Exposition « A la manera de Italia, España y el gótico mediterráneo (1320-1420) »
Museo Nacional del Prado, Madrid, du 26 mai au 20 septembre 2026
Informations pratiques
Exposition « A la manera de Italia, España y el gótico mediterráneo (1320-1420) »
Du 26 mai au 20 septembre 2026
Museo Nacional del Prado
Paseo del Prado s/n
Madrid 28014
Réunissant plus d'une centaine d'œuvres provenant d'institutions espagnoles et internationales, cette exposition explore la richesse des échanges artistiques qui, aux XIVᵉ et XVᵉ siècles, unissent la péninsule Italienne et les royaumes hispaniques. En mettant en regard peintures, sculptures, manuscrits enluminés, pièces d'orfèvrerie, textiles et broderies, elle renouvelle l'étude du gothique méditerranéen.
L'exposition
Le parcours retrace la diffusion des innovations artistiques élaborées par les grands maîtres du Trecento italien, tels que Giotto, Duccio, Simone Martini ou les frères Lorenzetti. Grâce à l'intensité des échanges commerciaux, diplomatiques et religieux qui structurent alors le bassin méditerranéen, ces innovations, notamment l’emploi de l’or pour magnifier les étoffes luxueuses représentées dans les peintures, atteignent rapidement les royaumes de Castille, d'Aragon et de Majorque.

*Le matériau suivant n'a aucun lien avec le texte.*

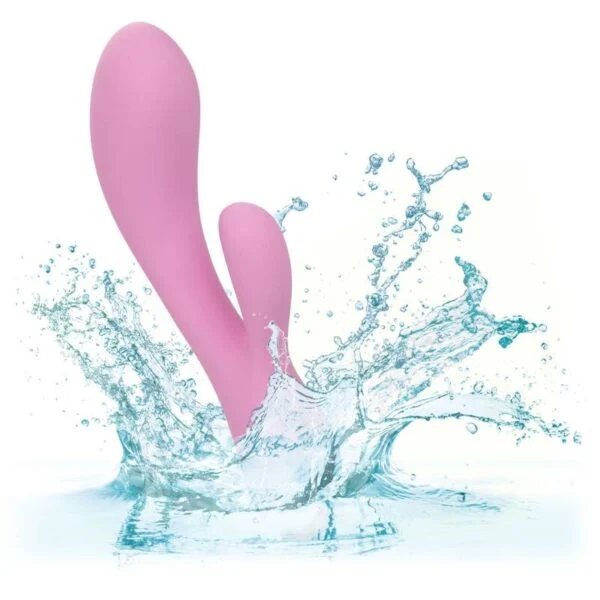 Calexotics - Contour Zoie Rosa 6 Calexotics - Contour Zoie Rosa 6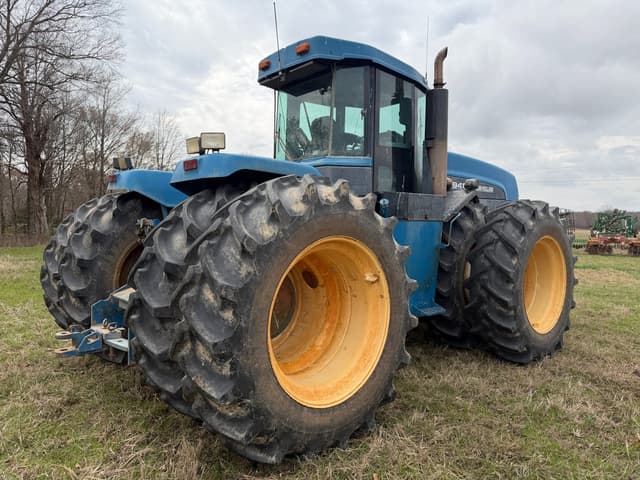 Image of New Holland 9482 equipment image 2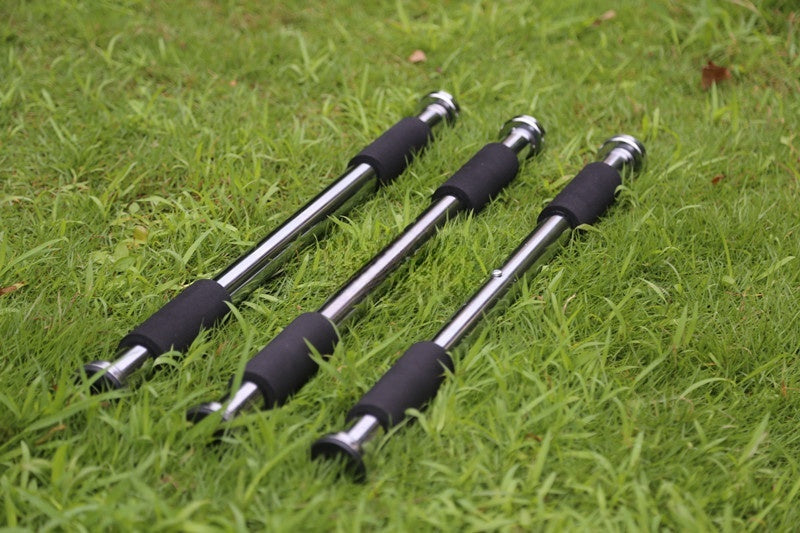 Pull-up Device Indoor Horizontal Bar Home Door Upper Single Parallel Bars Door Frame Wall Fitness Equipment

La première section s’intéresse à l’arrivée de maîtres italiens dans la péninsule ibérique, et à leur influence sur des artistes locaux, tels que Ferrer Bassa, Arnau Bassa, Joan Loert, qui réinterprètent les modèles italiens afin de répondre aux attentes spécifiques de leurs commanditaires. Le parcours met ensuite en lumière le rôle d’Avignon, capitale de la papauté (1307-1403), dans l’émulation artistique méditerranéenne. La section suivante montre comment les modèles iconographiques italiens sont adaptés aux usages de la cour d’Espagne et aux figures religieuses des royaumes ibériques.
Les caractéristiques du gothique méditerranéen, polychromie, essor de l’usage de l’or, raffinement des matériaux et des décors, sont ensuite présentées avant que l’exposition ne s'achève sur les circulations artistiques dans le sens inverse. À travers la figure de Gherardo Starnina, peintre florentin actif dans les royaumes hispaniques avant son retour en Toscane, le parcours montre que les formes élaborées dans les ateliers espagnols influencèrent à leur tour la création italienne du début du XVe siècle.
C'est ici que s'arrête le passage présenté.